Le sexe féminin, le nom de ses parties, les désignations les plus variées qu’elles prennent, tout cela est dans le roman comme une langue qu’on apprend, dans laquelle la forme du mot nymphe avec son « y » si bien placé importe autant que sa signification. Le sexe de Jolanta von Zmuda, playmate dont il découvre le corps sur le mur d’un atelier, est affaire sonore autant que visuelle : « au bas de son ventre […] frisottait une toison follette et sombre, dans la partie inférieure de laquelle saillaient et s’étiraient les flexueuses et roses froissures des grandes lèvres ». Le parcours d’Éric est voyage dans les beautés : celle du corps féminin et de sa part la plus secrète, celle de la peinture, celle des lettres, si difficile à conquérir quand il était jeune enfant, et celle des mots qui deviendra sa vraie passion. 
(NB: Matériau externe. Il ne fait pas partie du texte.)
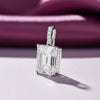 GEMHUB & CO. 4.50 Ct emerald cut lab-grown diamond pendant with VS1 clarity in 18k gold vermeil, accented with small diamonds on the bail.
Mais on réduirait l’univers d’Éric Laurrent à n’y voir qu’une pure aventure esthétique. Dès le début du roman, l’ancrage dans le Massif central, dans « Courbourg », village en périphérie de Clermont-Ferrand est un indice. De même, à la fin du roman, l’évocation des années quatre-vingt, des manifestations étudiantes contre les projets Devaquet sur l’université permettent de situer le narrateur. Son engagement dans la lutte n’est qu’en partie politique (le charme de Léa y est pour beaucoup et la jeune fille sera la dernière étape de son éducation sentimentale et sexuelle) mais il dit bien d’où il vient. Éric Laurrent qui aime l’excès, du moins en matière rhétorique, évoque l’atmosphère qui règne chez ses parents, des petits-bourgeois inquiets qui doivent économiser sur tout. La description du repas familial est un moment de grande drôlerie, tant les économies qu’on fait semblent systématiques, obsessionnelles. Là aussi, une note concernant le jeune écrivain essayant de vivre de sa plume fera écho aux difficultés familiales. La fin de l’histoire sera plus plaisante et marquera les vrais débuts professionnels du jeune écrivain… Nous n’en dirons pas plus.
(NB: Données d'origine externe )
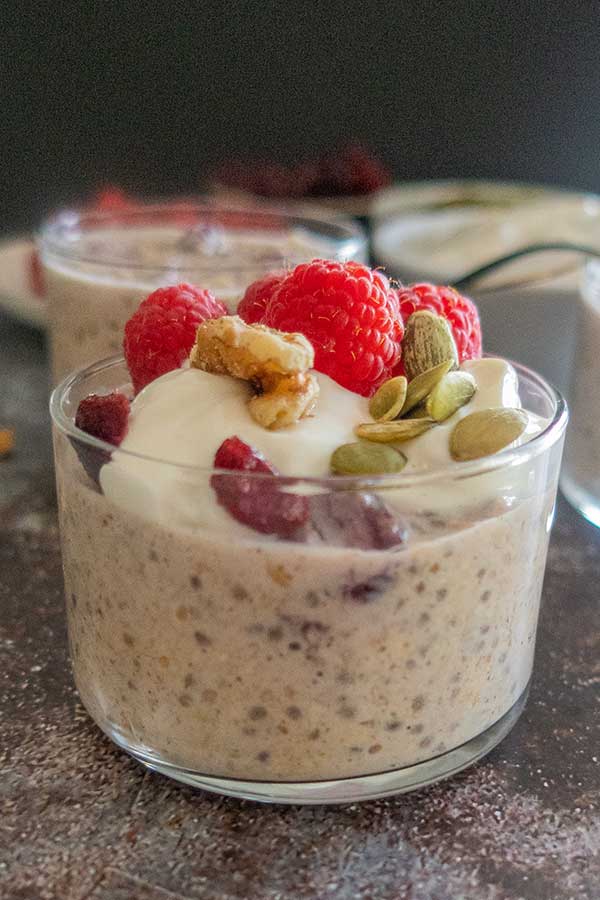 a glass filled overnight oats and fruit.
Ce roman d’Éric Laurrent, comme les précédents, surprend et se savoure. L’auteur est un gourmand, un sensuel à la fois grave et léger. Il joue sur les codes les plus communs : quelques mots mis en italique comme autant d’indices d’un temps révolu, une affiche de film, une double page du magazine Penthouse, une séance de strip-tease lors d’une foire provinciale. Ce pour montrer comment on accède à des vérités éternelles, à des perceptions plus rares. Comment, en gros, on s’extrait de ce qui nous détermine. Et le romancier le fait toujours en mettant le lecteur avec soi, par le rire.